[Start of Attachment]
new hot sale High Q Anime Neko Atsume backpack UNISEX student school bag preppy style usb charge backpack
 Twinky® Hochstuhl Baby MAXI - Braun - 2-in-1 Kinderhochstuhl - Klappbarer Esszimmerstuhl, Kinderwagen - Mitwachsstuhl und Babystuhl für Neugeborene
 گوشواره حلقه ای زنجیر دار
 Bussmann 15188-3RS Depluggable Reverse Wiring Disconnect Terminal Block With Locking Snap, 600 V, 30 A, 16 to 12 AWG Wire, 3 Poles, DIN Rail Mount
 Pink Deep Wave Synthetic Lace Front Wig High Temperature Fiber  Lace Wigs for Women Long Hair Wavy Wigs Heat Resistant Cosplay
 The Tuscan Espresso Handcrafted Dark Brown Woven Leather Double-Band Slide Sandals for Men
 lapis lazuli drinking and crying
[End of Attachment]
• _What to work on_:
Starting with the line that contains "Twinky® Hochstuhl Baby", output every line through the end of the listing above, unchanged.

• _Reply to the task_:
 Twinky® Hochstuhl Baby MAXI - Braun - 2-in-1 Kinderhochstuhl - Klappbarer Esszimmerstuhl, Kinderwagen - Mitwachsstuhl und Babystuhl für Neugeborene
 گوشواره حلقه ای زنجیر دار
 Bussmann 15188-3RS Depluggable Reverse Wiring Disconnect Terminal Block With Locking Snap, 600 V, 30 A, 16 to 12 AWG Wire, 3 Poles, DIN Rail Mount
 Pink Deep Wave Synthetic Lace Front Wig High Temperature Fiber  Lace Wigs for Women Long Hair Wavy Wigs Heat Resistant Cosplay
 The Tuscan Espresso Handcrafted Dark Brown Woven Leather Double-Band Slide Sandals for Men
 lapis lazuli drinking and crying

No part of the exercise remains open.